## WHAT THIS TASK INVOLVES
Repeat exactly the lines beginning at the one that contains "Large Capacity Multifunctional" and running to the end of the material. Omit the pictures.

## LISTED ENTRIES

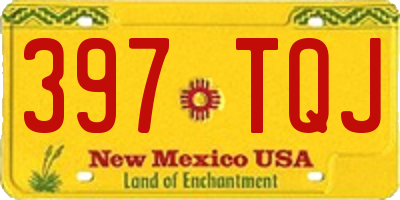 NM license plate 397TQJ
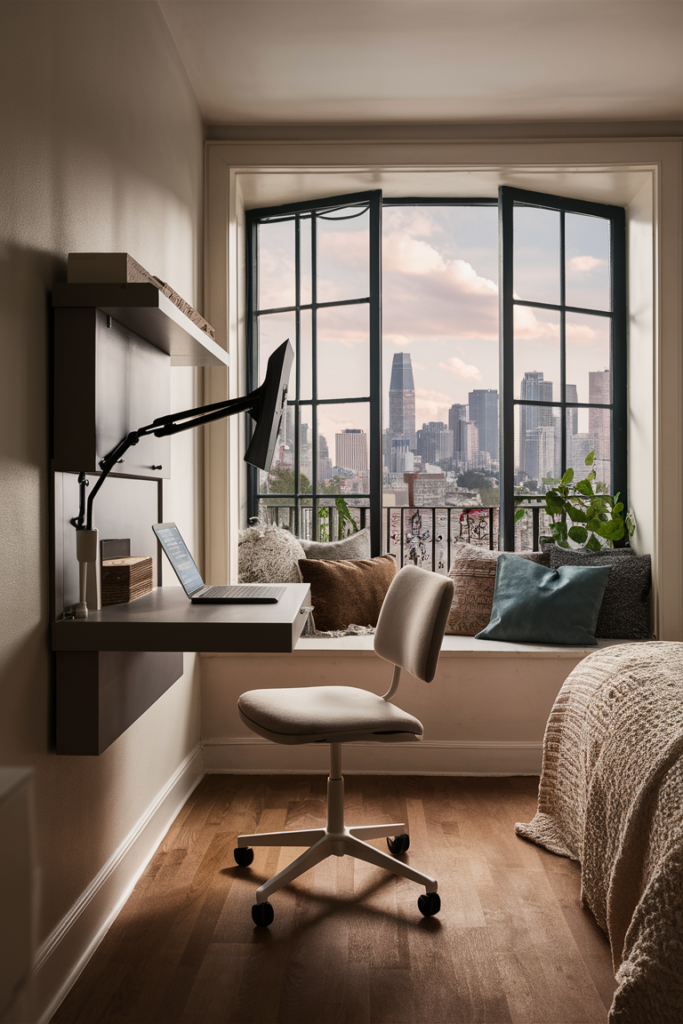 Cozy and stylish bedroom with a compact floating desk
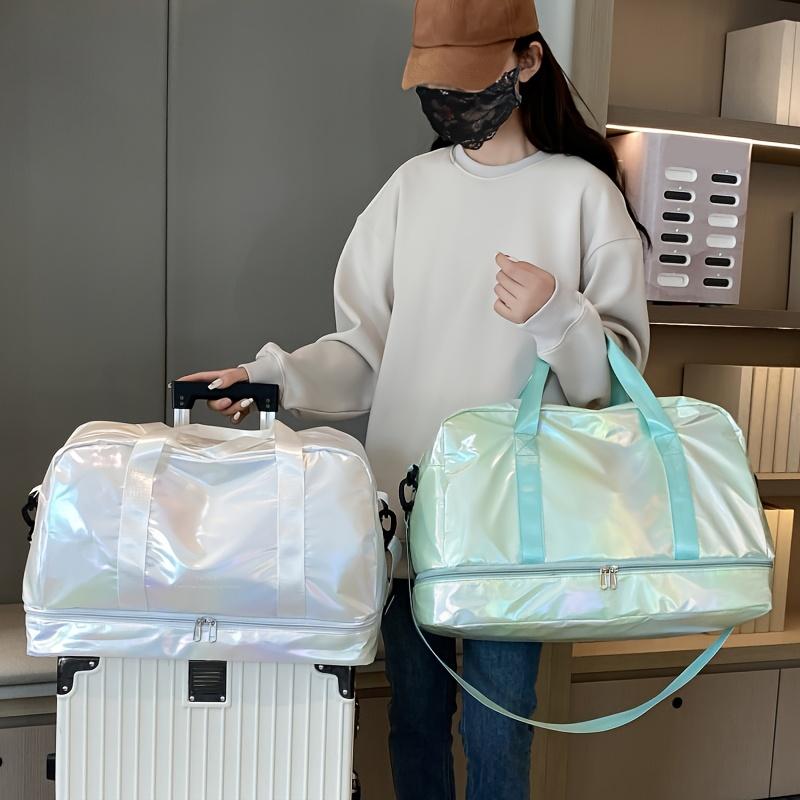 Large Capacity Multifunctional Casual Travel Duffel Bag, Lightweight Nylon Weekender Tote for Gym, Sports, Overnight Trips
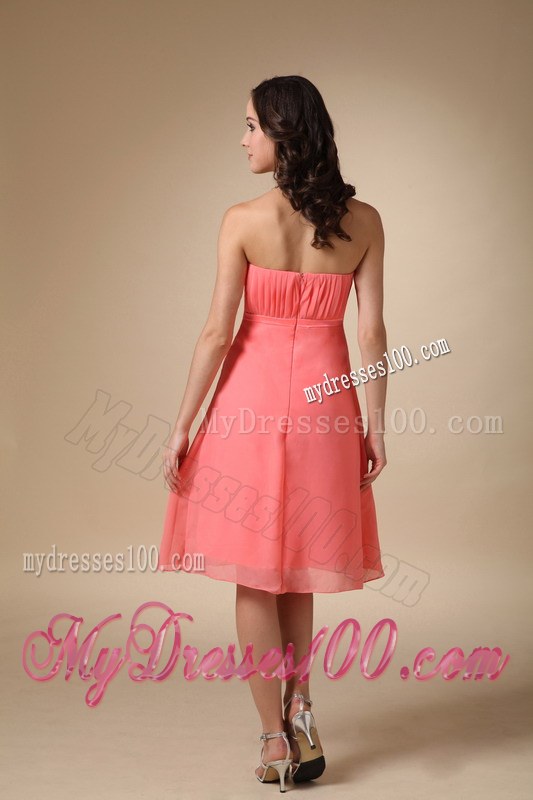 Watermelon Red Empire Chiffon Ruched Bridesmaid Dress in Knee-length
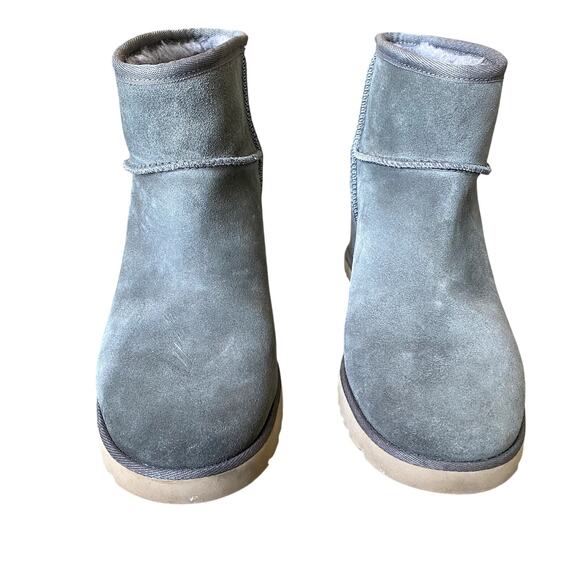 UGG Classic Femme Mini Wedge Slate Gray Cozy Suede Ankle Boot Women's 9.5 - Picture 4 of 13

## OUTPUT OF THE EXERCISE
 Large Capacity Multifunctional Casual Travel Duffel Bag, Lightweight Nylon Weekender Tote for Gym, Sports, Overnight Trips
 Watermelon Red Empire Chiffon Ruched Bridesmaid Dress in Knee-length
 UGG Classic Femme Mini Wedge Slate Gray Cozy Suede Ankle Boot Women's 9.5 - Picture 4 of 13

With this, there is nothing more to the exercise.